The Biden reelection campaign said the two administrations have taken drastically different approaches to navigating the epidemic.

“Trump was all talk and no action on the opioid crisis, declaring an emergency and then failing to allocate additional resources or even to develop a national opioid strategy as required by law,” said spokesperson Lauren Hitt. Meanwhile, the Biden administration has focused on solutions that are popular among both Democrats and Republicans, she said.

Brandon Dunn, co-founder of Forever 15 Project, testifies in front of an urn containing the ashes of his son Noah, who died from a fentanyl overdose, during a hearing on U.S. southern border security on Capitol Hill, Feb. 01, 2023, in Washington, DC. This is the first in a series of hearings called by Republicans to examine the Biden administration's handling of border security and migration along the U.S.-Mexico border. (Drew Angerer/Getty Images/TNS)
Brandon Dunn, co-founder of Forever 15 Project, testifies in front of an urn containing the ashes of his son Noah, who died from a fentanyl overdose, during a hearing on U.S. southern border security on Capitol Hill, Feb. 01, 2023, in Washington, DC. This is the first in a series of hearings called by Republicans to examine the Biden administration’s handling of border security and migration along the U.S.-Mexico border. (Drew Angerer/Getty Images/TNS)

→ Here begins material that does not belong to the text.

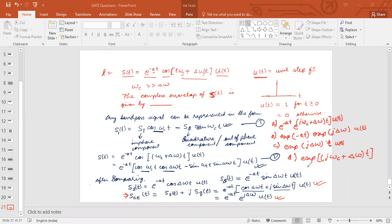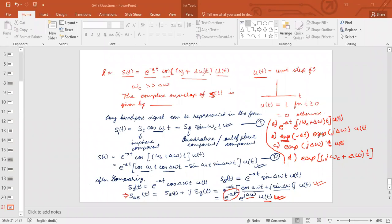So what is the expression — do we have any one of these options as the answer? We have got Option B. It will be a matter of confusion for some students, but here we have e to the power minus a·t · e to the power j·delta_omega · u(t), written as exp(minus a·t) · exp(j·delta_omega) · u(t). So this will be a good answer for that. Let us go to the next question.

Democrats were more likely than Republicans to want to see the U.S. make overdose antidotes more available and provide treatment for opioid-use disorder. Republicans, meanwhile, wanted in greater numbers to increase security at the U.S.-Mexico border and limit migration, the Bloomberg/Morning Consult poll found. Harm-reduction strategies such as needle exchanges and efforts to decriminalize recreational fentanyl use were broadly unpopular with voters overall.

Progressive cities like Portland, Oregon, and San Francisco have seen a backlash against relaxed drug laws. Oregon’s Democratic governor, Tina Kotek, has said she will sign a bill to make possession of illicit drugs a crime again, while in San Francisco, voters backed a measure sponsored by Democratic Mayor London Breed that would make welfare recipients suspected of using drugs undergo screening and enroll in a treatment program.

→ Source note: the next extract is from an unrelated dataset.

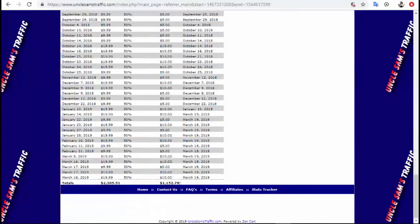Basically, you can see this is unlimited commission — unlimited earning. This is my earning from this website and you can earn this money too. It is very easy to make this money.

Mentions of fentanyl on three major cable news networks began rising in 2021 and peaked in March 2023, when the networks referred to fentanyl in about 1,900 15-second clips, according to closed-captioning data from the Internet Archive’s TV News archive. Fox News referred to fentanyl about three times as often as CNN in March 2023, and about 13 times more than MSNBC, according to the Internet Archive, a nonprofit that maintains a digital library of web pages, books, videos and software.

U.S. Google search interest for the term fentanyl, meanwhile, has generally surpassed interest for its broader class of drugs, opioids, since early 2022 and hit an all-time high in September of that year, according to data from Google Trends.

“It’s a bigger issue than you might think,” said Chris Ager, chairman of the New Hampshire Republican Party, a few days before the state’s primary election in January. “Even though we’re thousands of miles away from the southern border, where it’s coming from, everybody in New Hampshire, I believe, knows someone who’s been impacted by a fentanyl overdose.”

Congress has also been paying greater attention to fentanyl. Lawmakers in the House and Senate introduced more than twice as many bills and resolutions that mentioned fentanyl in 2023 than a year earlier.